At the end of the war, Bertrán de Lis was again arrested for being a liberal, although he was finally released following the intervention of Ferdinand VII.

===Later career===
By June 1820, Bertrán de Lis had become the Rothschild agent in
Spain.

With his employee, Juan Álvarez Mendizábal, acting as his agent, Bertrán de Lis financed and coordinated Rafael del Riego's military uprising in 1820. Despite General Elío having had Bertrán de Lis's son, Félix, executed in 1819 for his involvement in Colonel Valdés's pronunciamiento in Cádiz, when Elío was captured in Valencia, Bertrán de Lis prevented the mob from lynching him and insisted on a court martial, which finally condemned the former captain general of Valencia to the garrote.

With the return of absolutism, Bertrán de Lis was forced to flee to Belgium and from there went to Paris. He returned to Spain following the death of Ferdinand VII.
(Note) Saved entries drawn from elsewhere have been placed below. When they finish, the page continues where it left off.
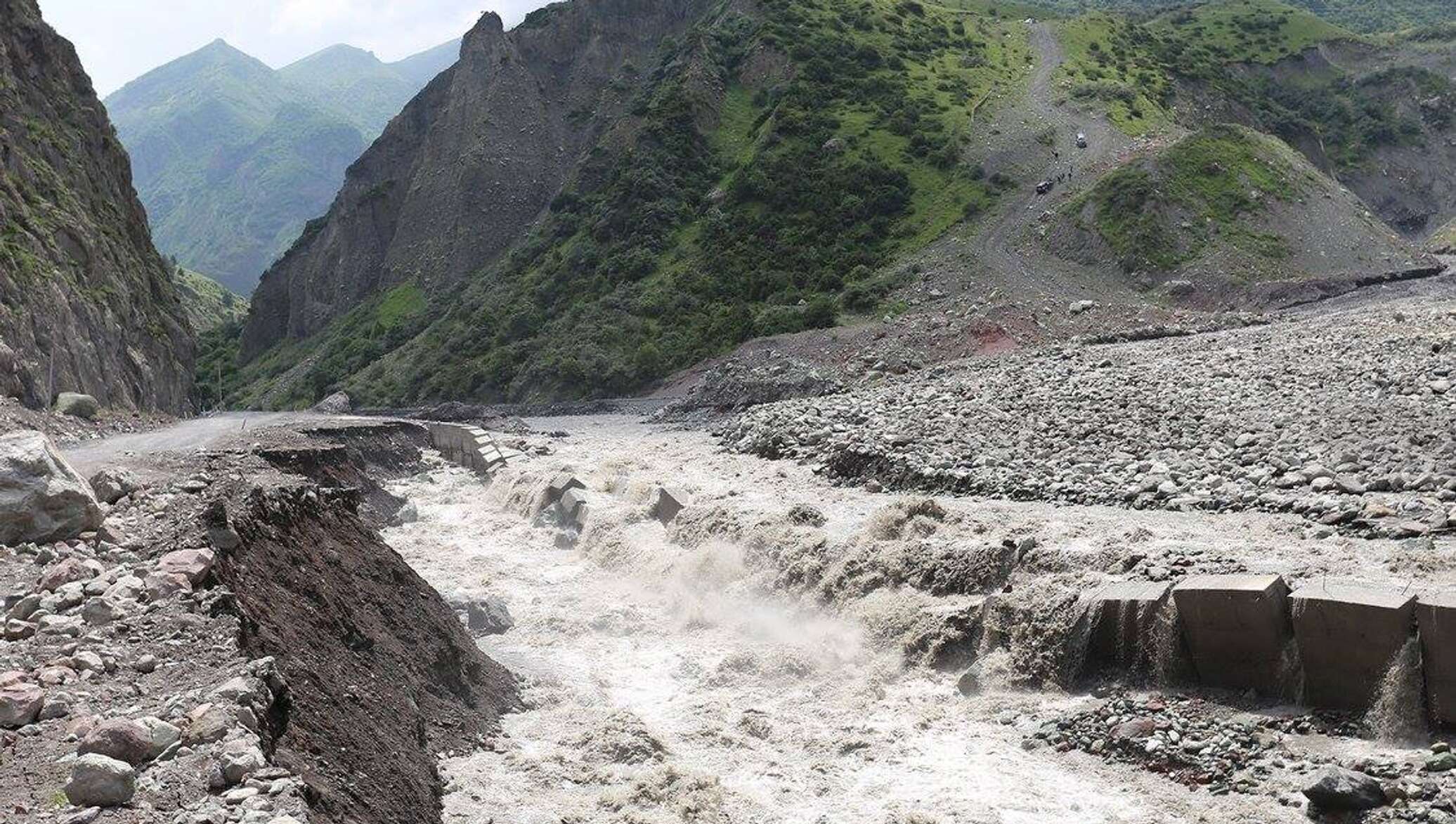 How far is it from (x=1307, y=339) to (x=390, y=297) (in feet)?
305

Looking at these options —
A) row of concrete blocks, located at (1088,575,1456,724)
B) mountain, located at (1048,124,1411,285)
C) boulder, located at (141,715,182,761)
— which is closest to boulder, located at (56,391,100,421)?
boulder, located at (141,715,182,761)

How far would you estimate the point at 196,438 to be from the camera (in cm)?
3569

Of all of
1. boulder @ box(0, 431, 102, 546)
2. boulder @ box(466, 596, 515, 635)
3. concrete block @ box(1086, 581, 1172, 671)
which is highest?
boulder @ box(0, 431, 102, 546)

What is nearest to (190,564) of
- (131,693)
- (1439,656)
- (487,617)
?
(131,693)

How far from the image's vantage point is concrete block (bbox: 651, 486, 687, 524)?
29.2 metres

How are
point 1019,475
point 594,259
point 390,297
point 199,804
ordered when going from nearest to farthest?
1. point 199,804
2. point 1019,475
3. point 594,259
4. point 390,297

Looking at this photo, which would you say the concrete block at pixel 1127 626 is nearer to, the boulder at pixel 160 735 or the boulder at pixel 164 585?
the boulder at pixel 164 585

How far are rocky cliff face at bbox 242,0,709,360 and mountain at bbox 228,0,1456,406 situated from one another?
0.35m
He was elected to Congreso for Valencia in 1836. In 1837, another son, José, died as a prisoner of the Carlists in Cartagena. In 1843, Bertrán de Lis was elected President (speaker) of the Congress of Deputies. In 1847 he was appointed senator for life.

He was minister of Foreign Affairs (ministro de Estado) and acting minister for the Navy in 1850–1851 and minister of the Interior (ministro de la Gobernación) and acting minister of Foreign Affairs in 1851–1852.